Single by Darius Rucker

from the album Carolyn's Boy
- Released: August 6, 2020
- Genre: Country
- Length: 2:58
- Label: Capitol Nashville
- Songwriter(s): Darius Rucker; Ross Copperman; J.T. Harding; Josh Osborne;
- Producer(s): Ross Copperman

Darius Rucker singles chronology
| "Straight to Hell" (2018) | "Beers and Sunshine" (2020) | "My Masterpiece" (2021) |

= Beers and Sunshine =

2020 single by Darius Rucker

"Beers and Sunshine" is a song co-written and recorded by American country music artist Darius Rucker. It was released on August 6, 2020, as the only single from the compilation album #1's - Volume 1. It was later also included on his 2023 album, Carolyn's Boy.

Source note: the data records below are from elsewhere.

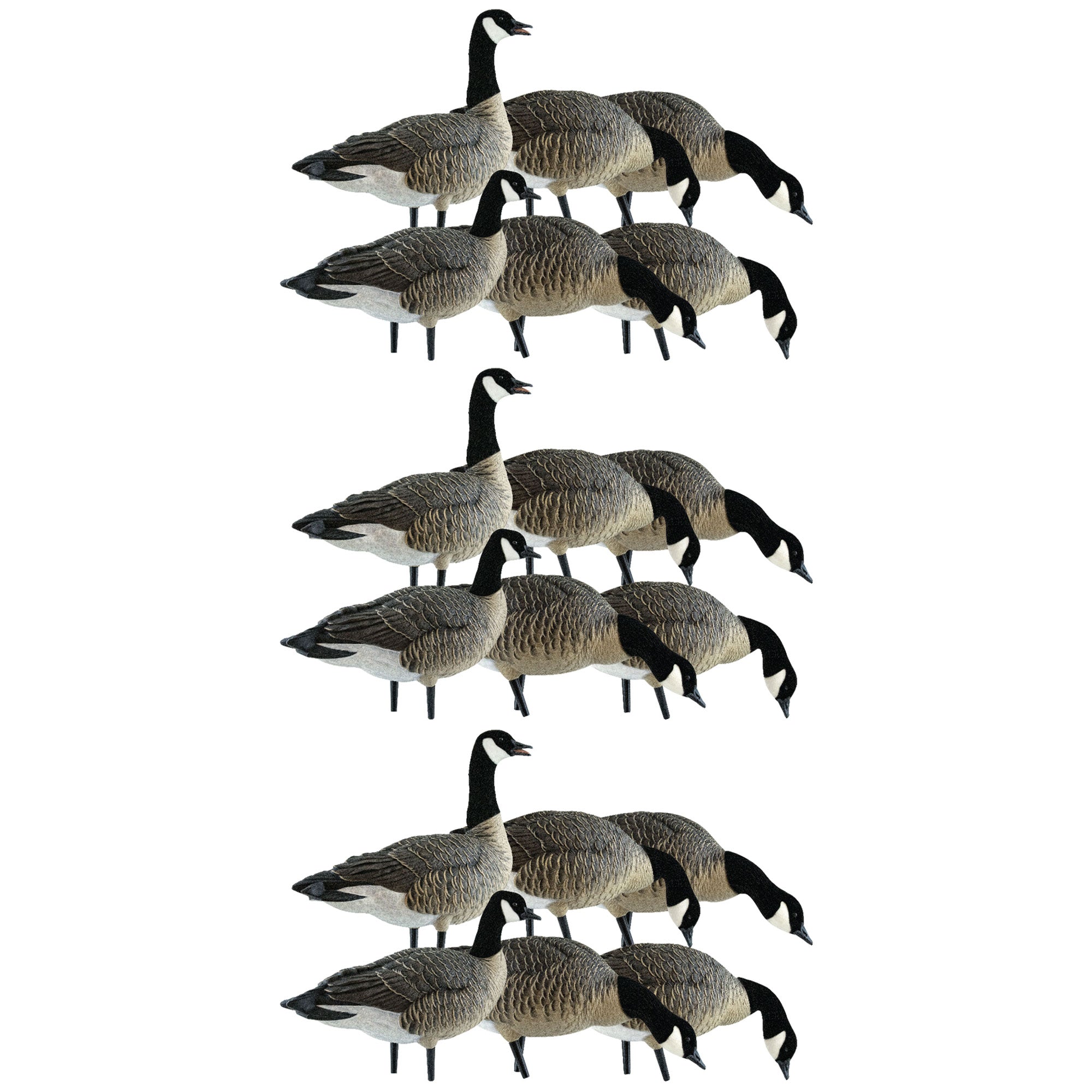 Avian X Lessers 6 Piece Fusion Realistic Goose Outdoor Hunting Decoy, 3 Pack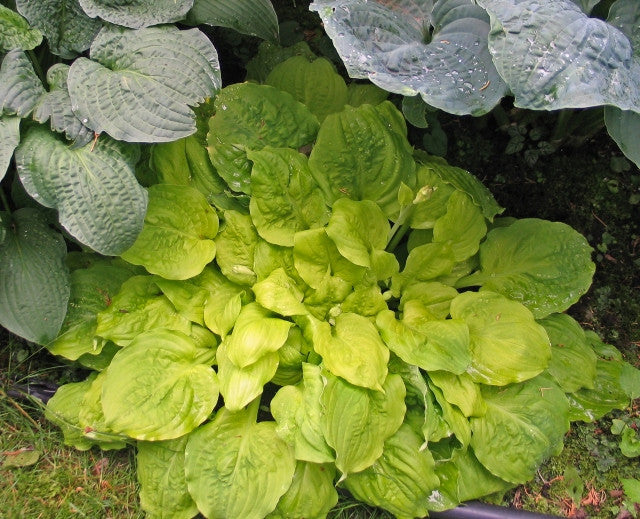 Hosta 'Fluff and Puff' Courtesy of Don Dean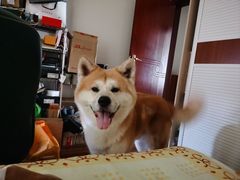 -东方动物医院·宠保定点·骨科·转诊中心(春城路·昆明站分院)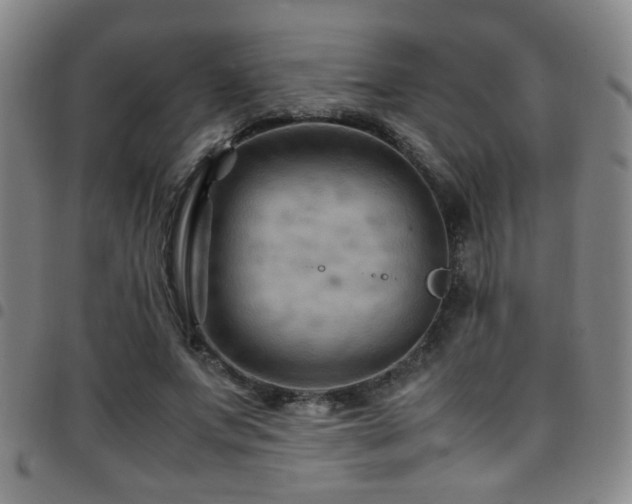 X0000097900687200803141355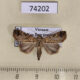 74202p Noctuidae sp. Vietnam $9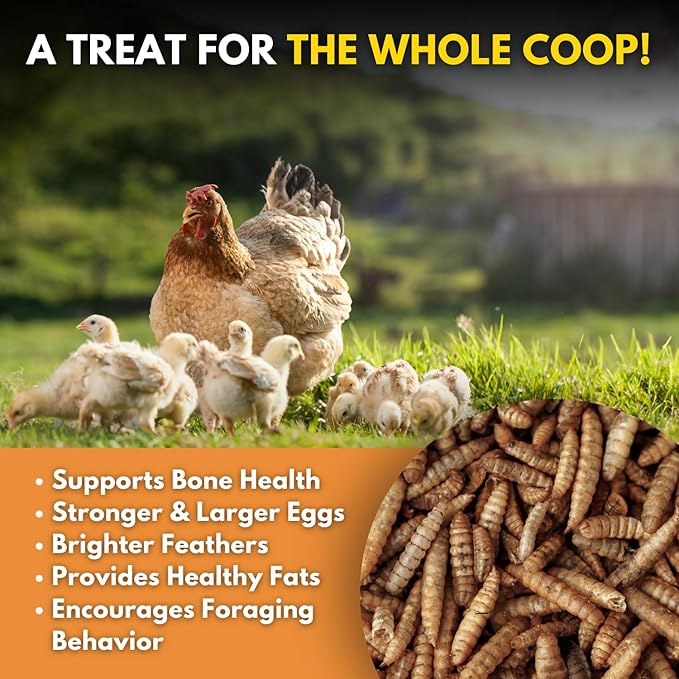 Black Soldier Fly Larvae Chicken Treats, Mealworms Alternative, Grubs for Chickens, High Calcium for Laying Hens, Made in USA, 1 lbs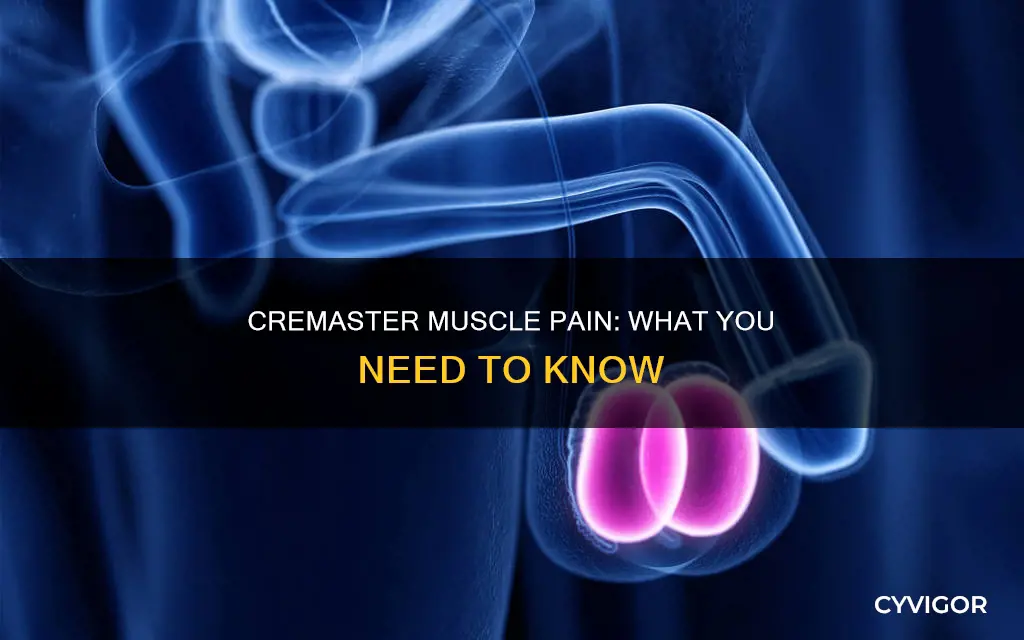 can an overactive cremaster muscle cause pain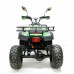 Электроквадроцикл GreenCamel Сахара A3052 Электроквадроцикл GreenCamel Сахара A3052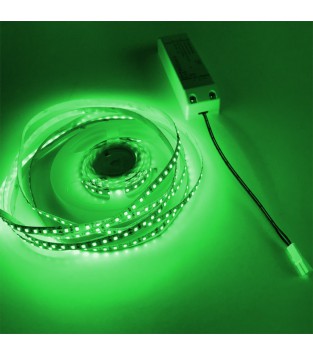Ruban LED Vert 2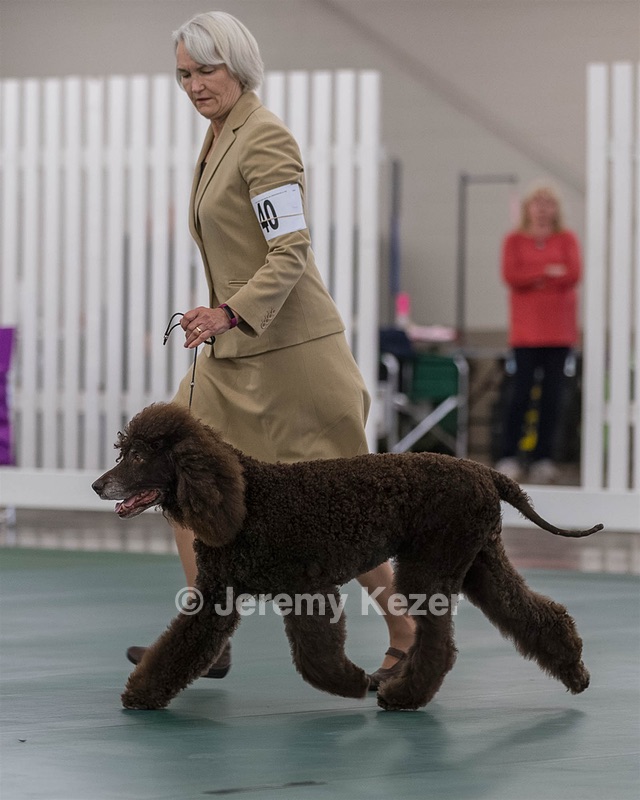 40 - GCH POOLE'S IDE BONNIE BROOK CD RE CGC (Bonnie)
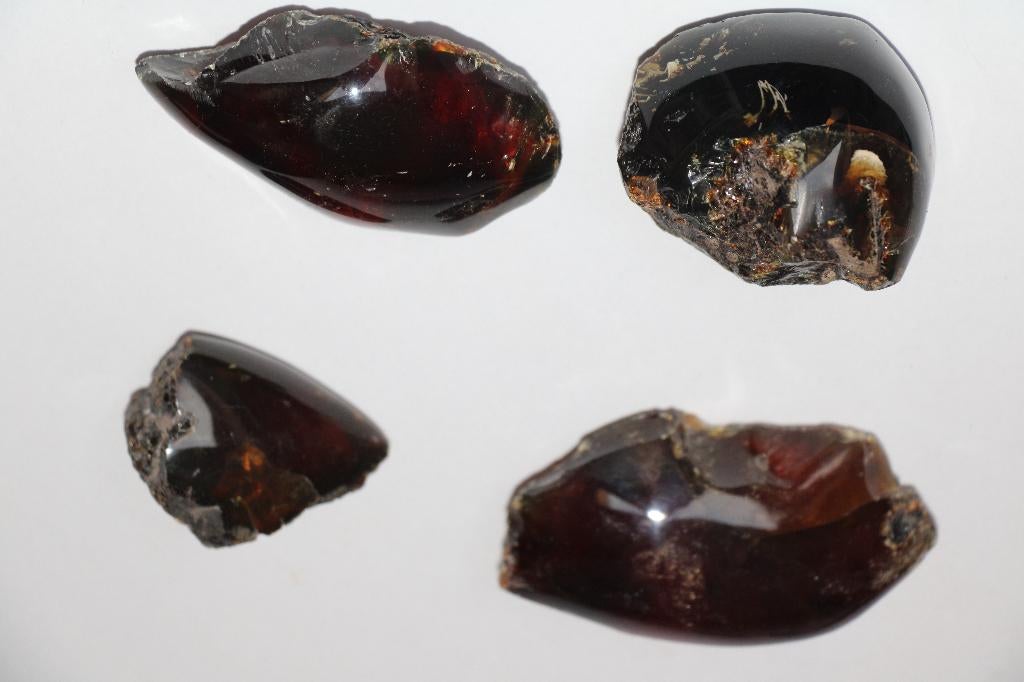 Amber (4 pcs), Ophalen of Verzenden, Fossiel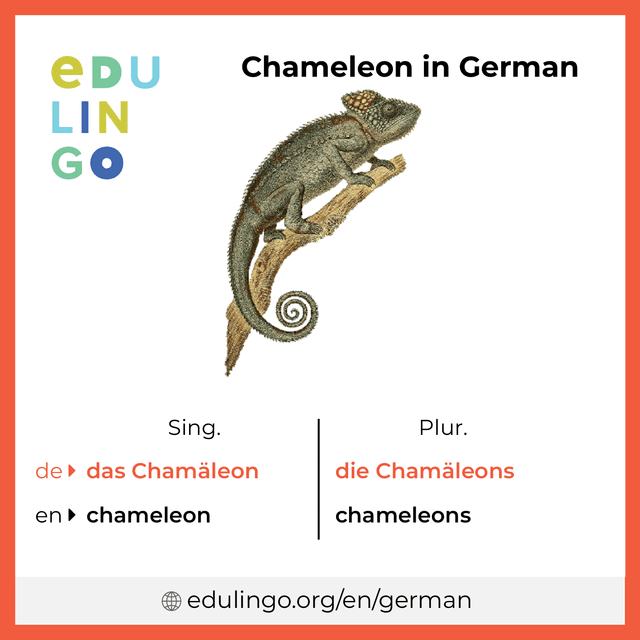 Chameleon in German vocabulary picture with singular and plural for download and printing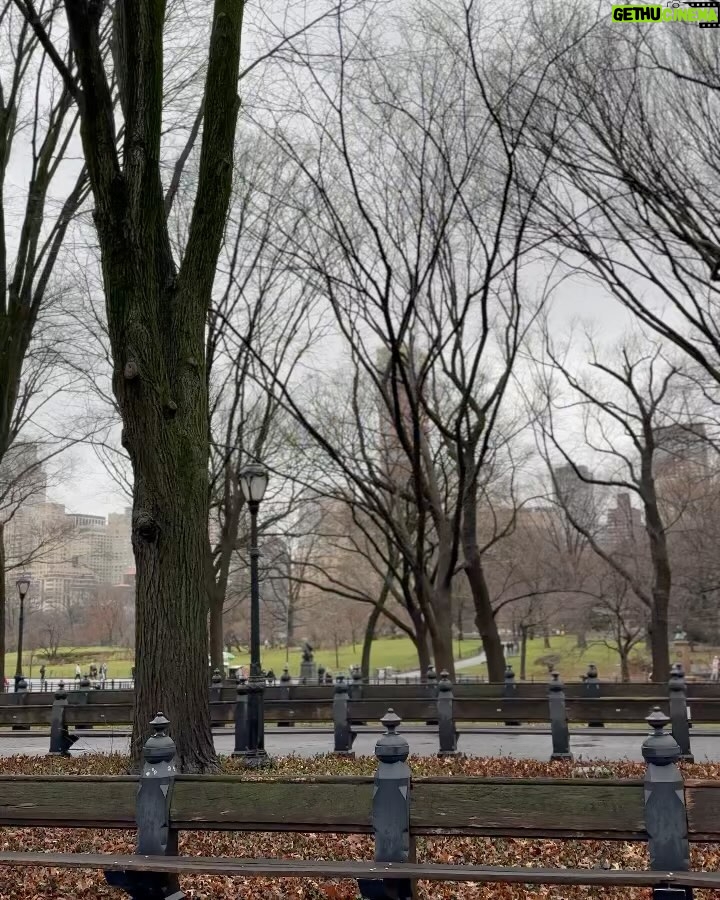 Sónia Araújo Instagram - Central Park, NYC 🥰 Very typical Já a regressar, mas como ainda tenho muitas fotos , vão ter a maçada de ainda levar com muitas pics 📸 de NYC Que sorte poder usufruir e proporcionar estes momentos à minha família! E a minha mãe faz anos hoje!!!!! 🎂 Central Park, New York City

Rucker performed the song live at the 54th Annual Country Music Association Awards, which he co-hosted with Reba McEntire. The music video premiered on November 5, 2020.

==Content==
Rucker co-wrote the track over video chat with Ross Copperman, J.T. Harding, and Josh Osborne. Copperman also produced the track. The song's title is a play on words for "B.S." which is typically shorthand for bullshit, but Rucker's lyrics suggest "the only B.S. [he] need[s] is beers and sunshine."

==Chart performance==
The song debuted at No. 24 on the Billboard Country Airplay chart, making it Rucker's highest debut to date, surpassing the No. 26 start for "True Believers" in 2012. It later became Rucker's ninth Country Airplay number one, reaching the top in the issue dated February 27, 2021. It also debuted at No. 25 on the Billboard Hot Country Songs chart.

==Charts==

===Weekly charts===

| Chart (2020–2021) | Peak position |
|---|---|
| Canada (Canadian Hot 100) | 46 |
| Canada Country (Billboard) | 2 |
| US Billboard Hot 100 | 42 |
| US Country Airplay (Billboard) | 1 |
| US Hot Country Songs (Billboard) | 7 |

===Year-end charts===

| Chart (2020) | Position |
|---|---|
| US Hot Country Songs (Billboard) | 91 |

| Chart (2021) | Position |
|---|---|
| US Country Airplay (Billboard) | 36 |
| US Hot Country Songs (Billboard) | 51 |

==Certifications==

| Region | Certification | Certified units/sales |
| Canada (Music Canada) | Platinum | 80,000^{‡} |
| United States (RIAA) | Platinum | 1,000,000^{‡} |
^{‡} Sales+streaming figures based on certification alone.